Replies to this message:
 Message 1568 by Faith, posted 01-03-2020 10:38 PM RAZD has replied

  
RAZD
Member (Idle past 1426 days)
Posts: 20714
From: the other end of the sidewalk
Joined: 03-14-2004


Message 1577 of 2370 (869704)
01-04-2020 1:42 PM
Reply to: Message 1568 by Faith
01-03-2020 10:38 PM


Layers build slowly over time ... lots of time
You're missing the point, RAZD. The kind of rock doesn't matter, the problem is that there is a rock there at all where supposedly there was once a place where there were living things.
whoop topic change ...
Why on your bizarro world is that a problem?
The point has always been that there were living things -- the sources of all those fossils -- on what were once submerged marine environments. Sediments fall down through the water and cover the ocean floor (their type depending on how far from shore they are and their settling rates). Those sediments gradually build up on the ocean/sea/lake floors and the living animals hardly notice as they move about and grow, but the shells and skeletal remains gradually get buried.

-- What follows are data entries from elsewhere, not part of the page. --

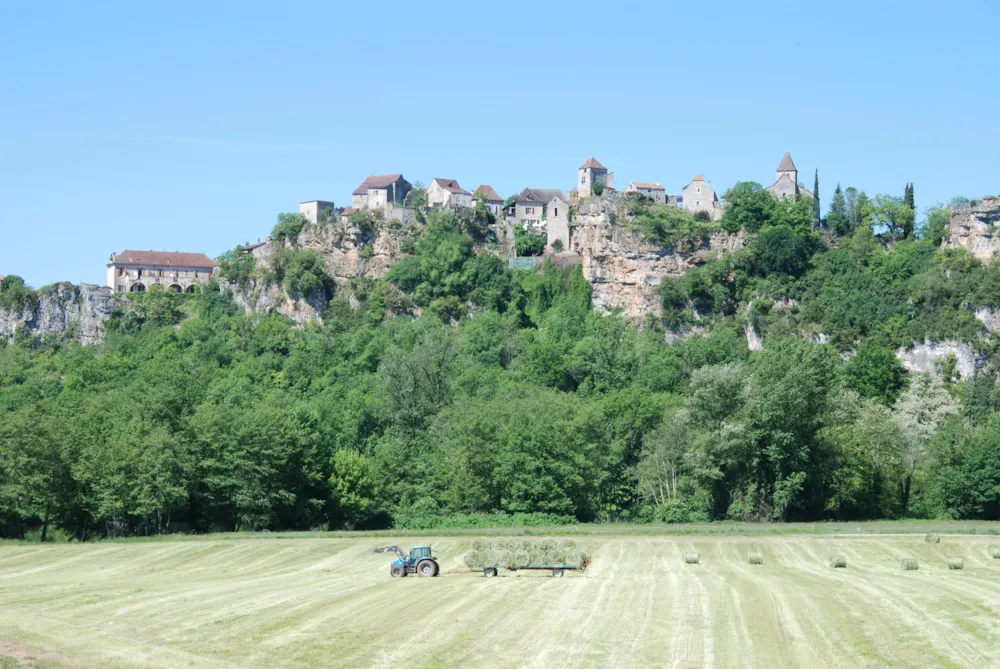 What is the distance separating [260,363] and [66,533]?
149 ft

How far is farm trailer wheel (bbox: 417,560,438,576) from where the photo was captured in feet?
150

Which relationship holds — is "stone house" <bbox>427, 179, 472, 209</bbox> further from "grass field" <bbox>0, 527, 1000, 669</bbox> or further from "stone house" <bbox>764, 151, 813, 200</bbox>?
"grass field" <bbox>0, 527, 1000, 669</bbox>

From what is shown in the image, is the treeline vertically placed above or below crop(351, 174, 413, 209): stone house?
below

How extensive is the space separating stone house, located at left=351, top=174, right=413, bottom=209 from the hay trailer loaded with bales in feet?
288

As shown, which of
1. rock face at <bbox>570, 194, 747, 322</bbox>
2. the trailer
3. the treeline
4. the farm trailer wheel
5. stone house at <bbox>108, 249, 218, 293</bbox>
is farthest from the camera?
stone house at <bbox>108, 249, 218, 293</bbox>

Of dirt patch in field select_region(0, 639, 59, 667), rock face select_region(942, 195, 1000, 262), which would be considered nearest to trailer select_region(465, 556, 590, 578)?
dirt patch in field select_region(0, 639, 59, 667)

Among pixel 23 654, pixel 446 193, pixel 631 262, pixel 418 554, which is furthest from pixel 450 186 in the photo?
pixel 23 654

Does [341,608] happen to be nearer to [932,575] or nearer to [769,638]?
[769,638]

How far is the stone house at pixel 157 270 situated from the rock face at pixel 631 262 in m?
41.4

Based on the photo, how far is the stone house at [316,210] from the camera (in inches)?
5022

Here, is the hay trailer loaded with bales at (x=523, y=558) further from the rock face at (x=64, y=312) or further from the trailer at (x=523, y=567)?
the rock face at (x=64, y=312)

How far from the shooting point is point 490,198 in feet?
439

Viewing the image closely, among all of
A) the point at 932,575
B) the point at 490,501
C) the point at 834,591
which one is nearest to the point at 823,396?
the point at 490,501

Year after year, decade after decade, century after century, millennia after millennia ...
This is a continually ongoing process, it can be observed today, the rate can be measured today and compared to the rates of deposition for ancient sedimentary rocks ... and they are comparable (that, btw, is a process that has been replicated)

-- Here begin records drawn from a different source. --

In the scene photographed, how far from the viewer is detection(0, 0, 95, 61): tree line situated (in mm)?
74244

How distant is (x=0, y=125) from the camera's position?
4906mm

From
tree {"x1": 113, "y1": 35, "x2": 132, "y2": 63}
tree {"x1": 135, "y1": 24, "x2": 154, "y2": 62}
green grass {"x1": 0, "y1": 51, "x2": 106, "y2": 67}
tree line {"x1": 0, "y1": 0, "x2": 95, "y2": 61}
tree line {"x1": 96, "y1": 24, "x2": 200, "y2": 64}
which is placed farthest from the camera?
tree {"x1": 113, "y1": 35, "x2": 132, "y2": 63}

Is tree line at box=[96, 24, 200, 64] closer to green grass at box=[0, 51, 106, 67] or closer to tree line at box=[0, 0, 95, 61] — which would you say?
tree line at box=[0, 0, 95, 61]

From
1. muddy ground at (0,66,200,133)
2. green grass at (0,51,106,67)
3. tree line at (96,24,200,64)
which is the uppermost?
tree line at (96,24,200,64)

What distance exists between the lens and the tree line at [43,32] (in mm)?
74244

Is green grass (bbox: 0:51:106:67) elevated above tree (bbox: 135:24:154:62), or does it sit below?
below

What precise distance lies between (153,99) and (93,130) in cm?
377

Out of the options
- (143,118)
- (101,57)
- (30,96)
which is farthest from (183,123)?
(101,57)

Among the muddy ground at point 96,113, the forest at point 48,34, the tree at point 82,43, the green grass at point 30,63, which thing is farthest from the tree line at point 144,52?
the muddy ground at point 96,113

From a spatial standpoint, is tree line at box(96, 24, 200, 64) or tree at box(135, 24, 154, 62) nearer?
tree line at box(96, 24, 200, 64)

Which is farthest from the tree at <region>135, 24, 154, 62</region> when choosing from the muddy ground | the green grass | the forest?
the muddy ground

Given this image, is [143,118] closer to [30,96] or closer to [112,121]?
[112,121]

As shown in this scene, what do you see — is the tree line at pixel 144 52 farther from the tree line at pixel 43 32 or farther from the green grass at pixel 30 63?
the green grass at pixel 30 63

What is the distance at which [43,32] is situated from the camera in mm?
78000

Long after these sediments have fallen and been themselves buried the lithification process turns them to stone/rock.
IE - the sediment build up around the dead remains which then get lithified encasing the dead remains. Making time capsules of the evidence of life at that time in the past where "there was once a place where there were living things" walking the earth.
Message 1570: ... The point is that you can't have a time period that is completely occupied by a rock.

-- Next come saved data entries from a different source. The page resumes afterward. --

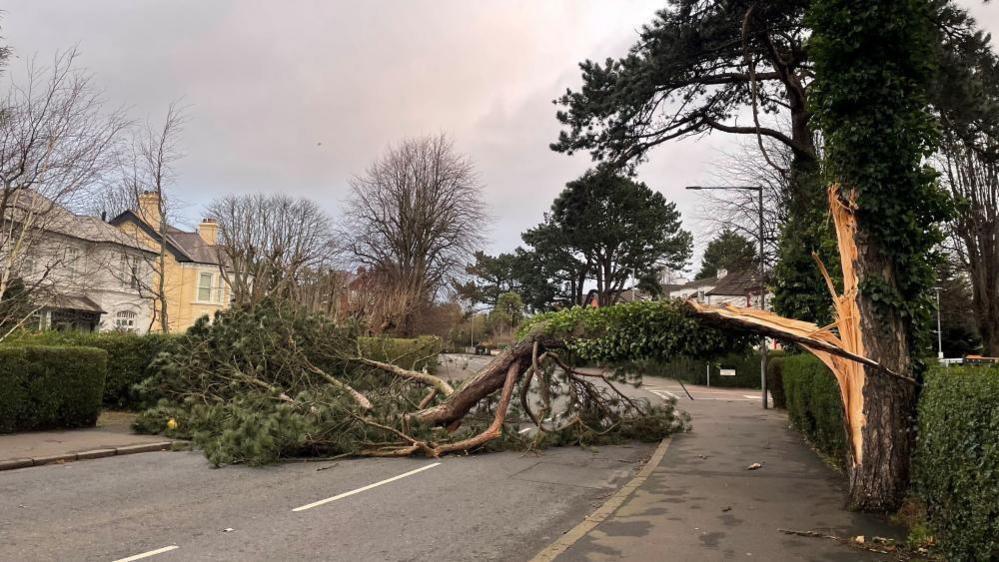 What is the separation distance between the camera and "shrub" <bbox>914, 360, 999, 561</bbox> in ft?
14.0

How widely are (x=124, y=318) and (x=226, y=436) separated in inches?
1305

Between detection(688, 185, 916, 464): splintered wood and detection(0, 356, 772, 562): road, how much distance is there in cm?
315

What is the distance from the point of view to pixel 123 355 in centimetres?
1631

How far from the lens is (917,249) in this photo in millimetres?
7723

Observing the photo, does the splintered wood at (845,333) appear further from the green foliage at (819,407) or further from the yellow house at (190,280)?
the yellow house at (190,280)

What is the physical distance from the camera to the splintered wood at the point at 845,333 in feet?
24.6

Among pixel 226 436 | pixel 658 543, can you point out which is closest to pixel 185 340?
pixel 226 436

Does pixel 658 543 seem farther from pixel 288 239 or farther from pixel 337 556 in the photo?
pixel 288 239

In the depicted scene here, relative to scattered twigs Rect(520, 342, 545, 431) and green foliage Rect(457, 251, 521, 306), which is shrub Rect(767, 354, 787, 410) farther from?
green foliage Rect(457, 251, 521, 306)

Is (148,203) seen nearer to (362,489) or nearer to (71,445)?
(71,445)

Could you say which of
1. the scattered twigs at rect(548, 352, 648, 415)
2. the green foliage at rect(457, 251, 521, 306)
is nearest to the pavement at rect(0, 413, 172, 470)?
the scattered twigs at rect(548, 352, 648, 415)

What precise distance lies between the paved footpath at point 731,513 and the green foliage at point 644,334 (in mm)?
1880

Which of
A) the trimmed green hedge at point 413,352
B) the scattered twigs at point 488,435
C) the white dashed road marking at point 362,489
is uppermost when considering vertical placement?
the trimmed green hedge at point 413,352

Why on your bizarro world would you think that?
This is part of the reason that the rocks are not the time periods. The time periods are arbitrary delineages of the past. Rocks that were laid down as sediments during those arbitrary time periods become rocks of those periods. The top of the rock/s designated as rocks from time "period A" then form the base for the further deposition to be called rocks from "period B" and so on.
This is a continuous process of sediment build-up, life forms living on the surface shifting up as the sediment builds up, leaving behind the remnants of dead life. Life from "period A" continues on the surfaces of the sediments, and when the time passes that the deposition now is called "period B" the life is still living on the surface. These "period B" sediments don't cap off "period A" trapping and condensing it ... to explain further, let's replicate this with an
EXPERIMENT:
  1. Take an aquarium
  2. Place it outside (where it can overflow)
  3. Fill it with water
  4. Take a handful of dirt (or diatomaceous earth)
  5. Sprinkle it over the water
  6. Let it settle
  7. repeat steps 4 through 7 until the aquarium is full of wet dirt
  8. Take a ruler and a sharpie and draw lines at 1" levels
  9. Mark them A, B, C, etc from the bottom up
  10. Observe the results:
  • How did layers of different size particles form in the aquarium?
  • Is it a repeating pattern of coarse to fine particles in those layers?
  • How did the sets of coarse and fine particle layers come to be inside layer A? layer B? etc
  • How did these sediment particles come to "occupy" layer A? layer B? etc
  • Do the layers A, B, C, etc of particles represent the passage of time?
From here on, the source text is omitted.